Fulfilling More than Orders: Amazon Deploys Robots for Enhanced Experience
Amazon has announced Sequoia and Digit, two new robotic systems set to elevate customer and employee experience by enhancing operations and improving worker safety.
As shoppers gear up for the coming holidays, Amazon has added two new robotic solutions to its operations: Sequoia and Digit. Amazon now boasts over 750,000 robots operating alongside its workers, including models like its first autonomous robot, Proteus, and its robotic arms, Cardinal and Sparrow. The latest additions, Sequoia and Digit, are expected to speed up delivery time to customers and enhance workplace conditions.
The robotic systems in Sequoia are now part of over 750,000 robots in operation alongside Amazon workers. Image used courtesy of Amazon
Robotic Inventory Management
Sequoia is a robotic containerized storage system that combines mobile robots, robotic arms, gantry systems, and workers. Mobile robots bring totes to a gantry system where totes are either restocked or sent to an employee who collects the inventory inside the tote to fulfill a customer order.
Sequoia is set to reduce the time it takes to fulfill orders by offering fast and accurate inventory management. The newly deployed robotic technology can identify and store inventory received at fulfillment centers 75% faster than Amazon’s current methods. With these speeds, Sequoia promises faster processing times when an order is placed—by up to 25%. This will increase the variety of products that can be shipped same-day or next-day.
Sequoia is currently operating in Amazon’s fulfillment center in Houston, Texas.
The Sequoia robotic system includes an ergonomic workstation designed so workers can operate “between mid-thigh and mid-chest height,” reducing the chance of injury. Image used courtesy of Amazon
An Ergonomic Workstation
In addition to improving the customer experience, Sequoia is designed to improve employees’ experience. Sequoia is expected to reduce the number of workplace accidents and even the risk of possible occurrence by delivering totes with inventory to workers on an ergonomic workstation.
Rather than having to reach up, squat, or bend down, Sequoia’s ergonomic workstation is designed so that workers can operate “between mid-thigh and mid-chest height.” Amazon expects that the addition of the ergonomically-designed workstation will reduce worker injuries by reducing repetitive and bending strains.
Automation Increasing Worker Safety
According to Amazon, its use of robotic systems has dramatically impacted its workplace environment. Amazon's data shows that, in 2022 alone, Amazon sites where robots have been implemented, as compared to non-robotic sites, saw 15% fewer incidents and experienced 18% less downtime due to incidents. The addition of Sequoia is, therefore, set to continue lowering the number of workplace accidents while effectively serving customers.
Amazon is now testing Digit, a multipurpose bipedal robot built by Agility Robotics, to handle tote recycling.

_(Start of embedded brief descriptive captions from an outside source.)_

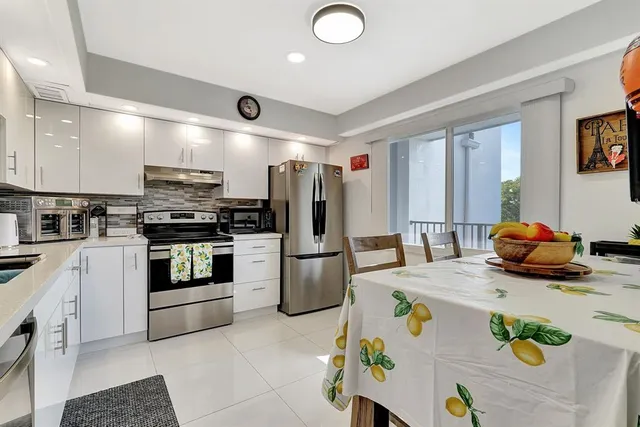 a kitchen with a refrigerator a stove and a sink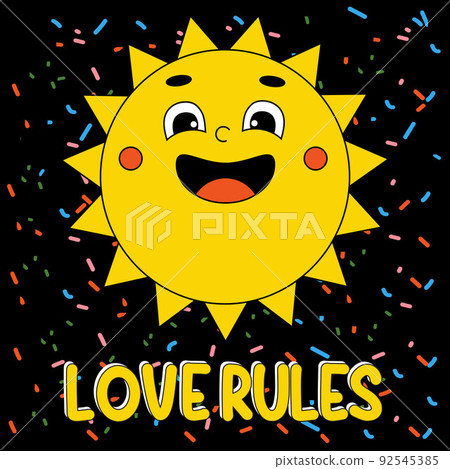 Groovy element funky sun. Funny cartoon character. Love rules quote. Vector illustration trendy retro cartoon style. Comic element for sticker, square poster, graphic tee print, card. 92545385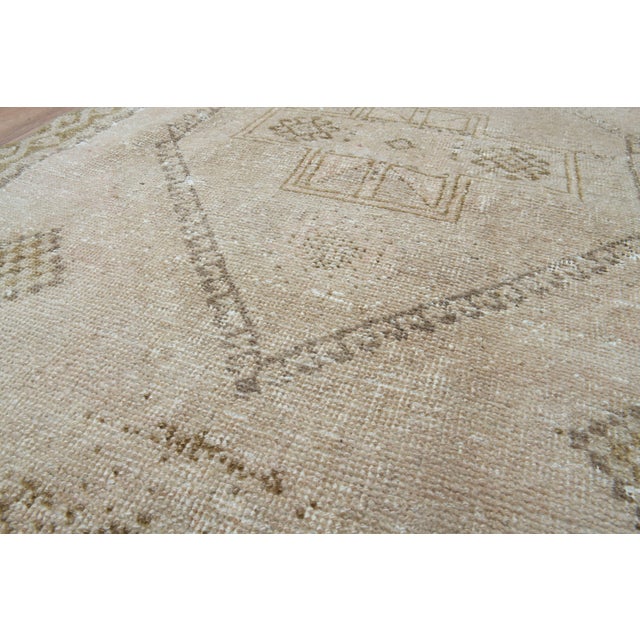 Beige 1970s Vintage Handmade Turkish Wool Cotton Beige Area Runner Rug For Sale - Image 8 of 11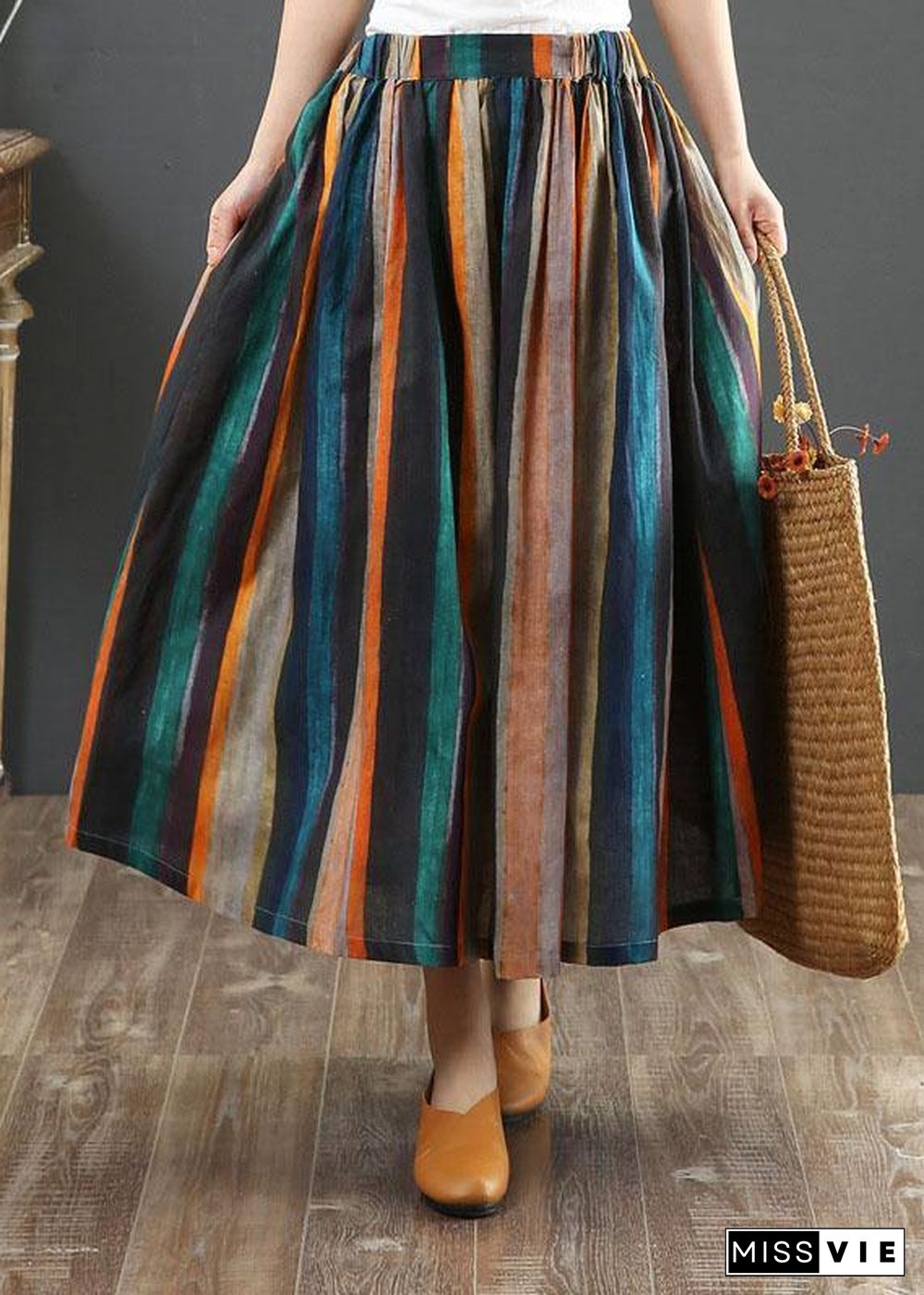 Women Striped A Line Retro Print Skirts Linen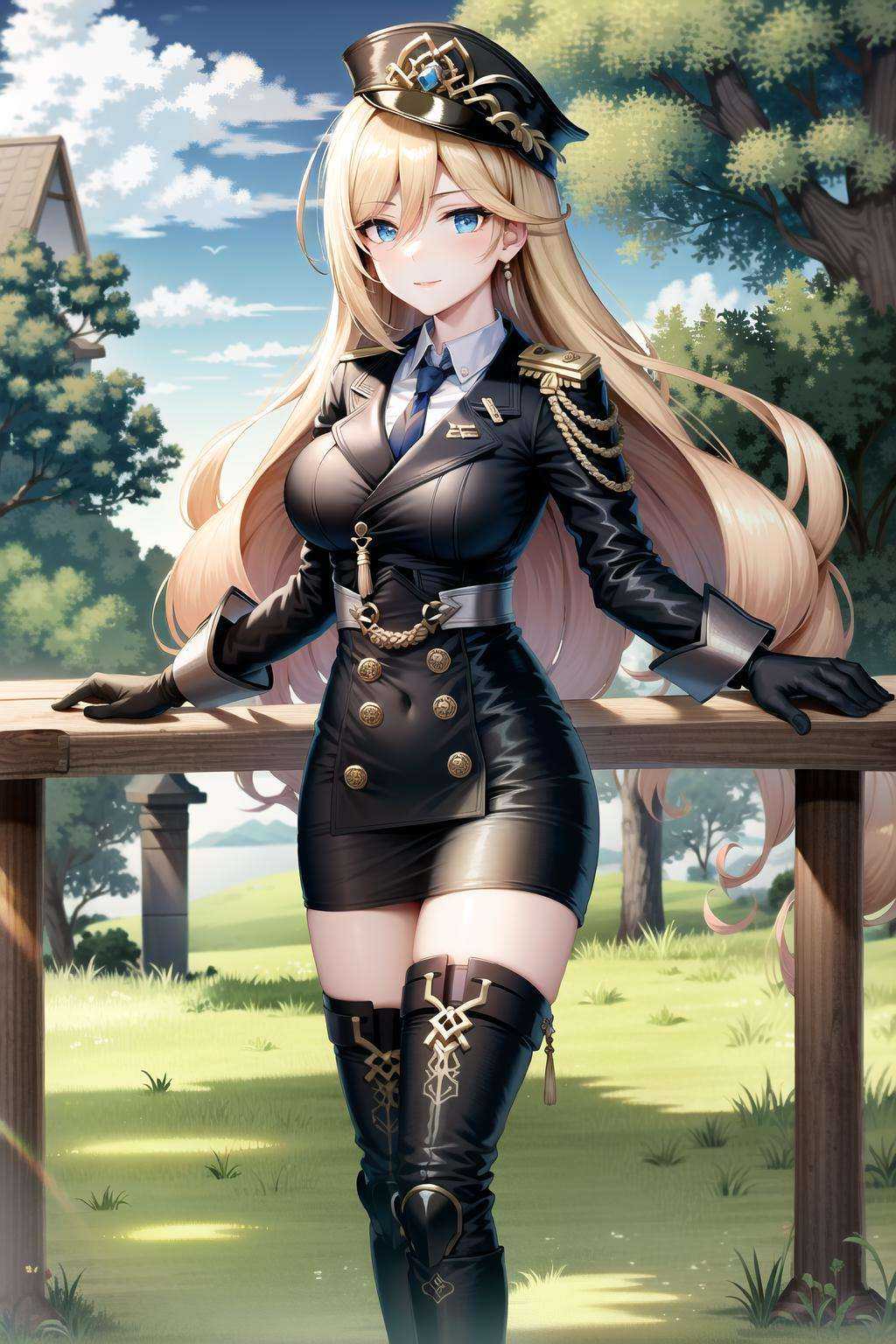 (Realistic painting style:0.9), (faux traditional media:1.1), masterpiece, best quality,  absurdres, looking at viewer, solo,<lora:durandal_veryLow_noise_full:1> bianka durandal ataegina (valkyrie gloria), bianka durandal ataegina, 1girl, blue eyes, solo, blonde hair, military, long hair, hat, military uniform, uniform, looking at viewer, boots, gloves, bangs, military hat, outdoors, closed mouth, jacket, smile, thigh boots, sky, black footwear, grass, thighhighs, hair between eyes, pantyhose, breasts, black headwear, blue sky, black gloves, necktie, spear, black jacket, cloud,  black pantyhose  
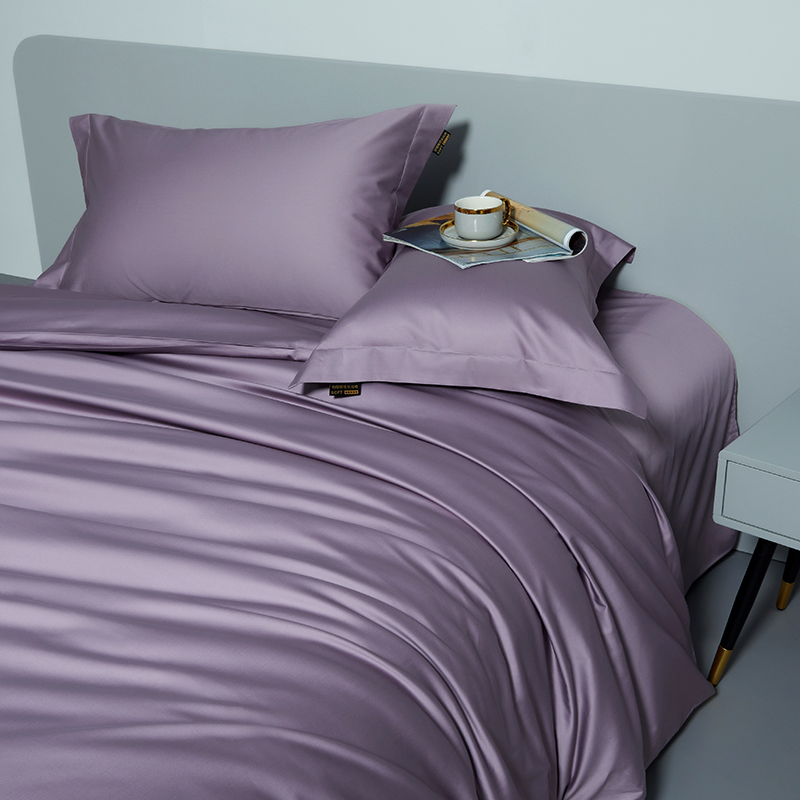2023新款100s长绒棉素色双拼套件单品系列--四件套 1.5m床单款四件套 魅惑紫
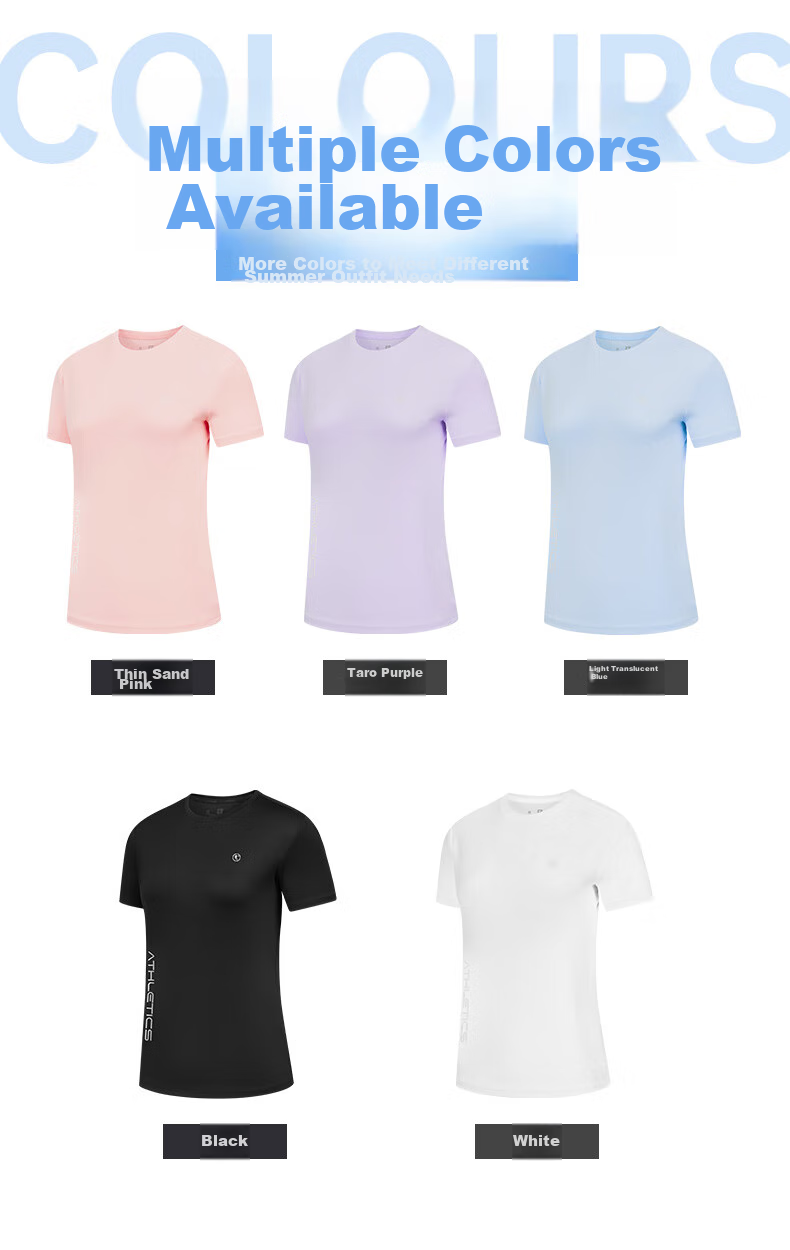 QIAODAN Women's Short-Sleeve T-Shirt, Summer Breathable Quick-Dry Round Neck Sports Running Tee Top for Wome 10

Image used courtesy of Amazon
Mobile Manipulator Solution
Growing its collaboration with Agility Robotics, Amazon is also testing Digit, a bipedal mobile manipulator solution, at its robotic R&D facility near Seattle. As a bipedal robot, Digit is specifically designed to operate in human-centric environments and can handle objects to support human labor as it works by grabbing and moving. Digit will first see use assisting Amazon workers in the repetitive task of tote recycling: moving empty totes after inventory has been taken out of them.
Worker-robot Collaboration
As Amazon continues to advance its automated technology, it vows to put employees and customers at the heart of its focus, fulfilling more than just orders. Just as with Amazon’s previously launched robotics systems, Amazon believes that the addition of Sequoia and Digit will continue to shift workers away from highly repetitive and unsafe tasks and open up more skilled roles.
Amazon claims that, alongside its implementation of new robotic systems, it has created “hundreds of thousands of new jobs” over the past decade, including 700 new skilled job categories, a trend it intends to keep growing. The goal: implement robotic and automation systems to improve both customer and employee experience.